Sobre ese marco general, el
autor esboza la situación de cada uno de los países hispanoamericanos. Dado que
el presente material es una ficha de lectura, nos limitamos a presentar en pocas
palabras el análisis de Halperín.
El Río de la Plata (gracias
a la ganadería) y la meseta central de Costa Rica (desarrollo de la
producción de café) hallaron la fórmula de la nueva prosperidad: “una economía
exportadora ligada al mercado ultramarino” (p. 160).
Brasil
superó con éxito la crisis de la independencia, provocada, entre otras cosas,
por el desequilibrio originado en el auge de la producción de azúcar en el NE y
la ganadería en el extremo sur. Este desequilibrio geográfico, con producciones
situadas en los extremos del país, repercutió en la vida política y el Imperio
terminó por adquirir cierta cohesión con el café – producción localizada en el
centro del país -). El nuevo equilibrio político comenzó a gestarse con la
partida a Portugal del emperador brasileño Pedro I en 1831 y la llegada al
trono de Pedro II (con una regencia que se extendió hasta 1840): ello marcó el comienzo
del imperio parlamentario. Las décadas de 1830 y 1840 fueron turbulentas
para la política brasileña, como consecuencia del conflicto entre liberales y
conservadores.
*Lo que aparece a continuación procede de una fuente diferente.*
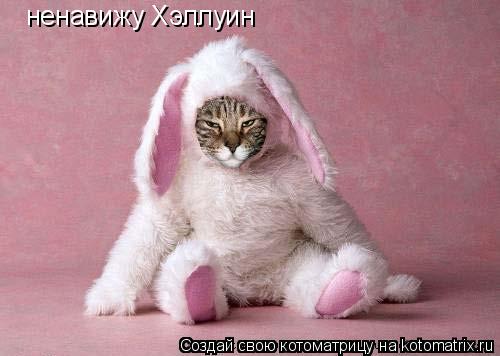 Котоматрица: ненавижу Хэллуин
Pero en 1851 la situación se estabilizó y el éxito brasileño
contrastó con los fracasos de Hispanoamérica (con la excepción de Chile, otro
ejemplo de estabilidad política).
Halperín enfatiza que la fragmentación
política de América Latina fue el resultado de una fragmentación
preexistente a las guerras de Independencia: “Más que de la fragmentación de
Hispanoamérica habría entonces que hablar, para el período posterior a la
independencia, de la incapacidad de superarla.” (p. 169)
En ese marco ubica el fracaso
del intento unificador de Simón Bolívar (pp. 169-174). En México, los intentos
de la restauración del orden ocuparon buena parte de la primera etapa
independiente y fracasaron lamentablemente, derivando en estancamiento
económico e inestabilidad política. Una situación análoga se dio en Perú y
Bolivia.
Por último, Halperín hace un
breve resumen de la evolución de cada uno de los países de Hispanoamérica en el
período abarcado por este capítulo. Por nuestra parte, dejamos al lector interesado
en esos pormenores la tarea de ir a la fuente y declaramos concluida esta ficha
en una fría mañana invernal.
Balvanera, sábado 6 de
julio de 2024
NOTAS:
[1] El capítulo 3 lleva por
título “La larga espera” y abarca las pp. 135-205.
[2] El autor señala, a modo de
contraste, que durante la época colonial era posible recorrer una
Hispanoamérica casi libre de hombres armados.
[3] Halperín indica que el
ejército consumía, por lo menos, la mitad de los gastos del Estado en la
mayoría de los países hispanoamericanos.
[4] Las elites tenían presente
el ejemplo de la revolución haitiana, que puso en el poder a los esclavos
liberados y expulsando a los blancos del país. Estas elites temían que la guerra
contra España dejar en inferioridad numérica a los criollos blancos frente a la
masa de esclavos y mestizos.
[5] El bloqueo continental, establecido por Napoleón I en noviembre de 1806 para debilitar a Gran Bretaña, obligó a los ingleses a buscar nuevos mercados para su producción manufacturera.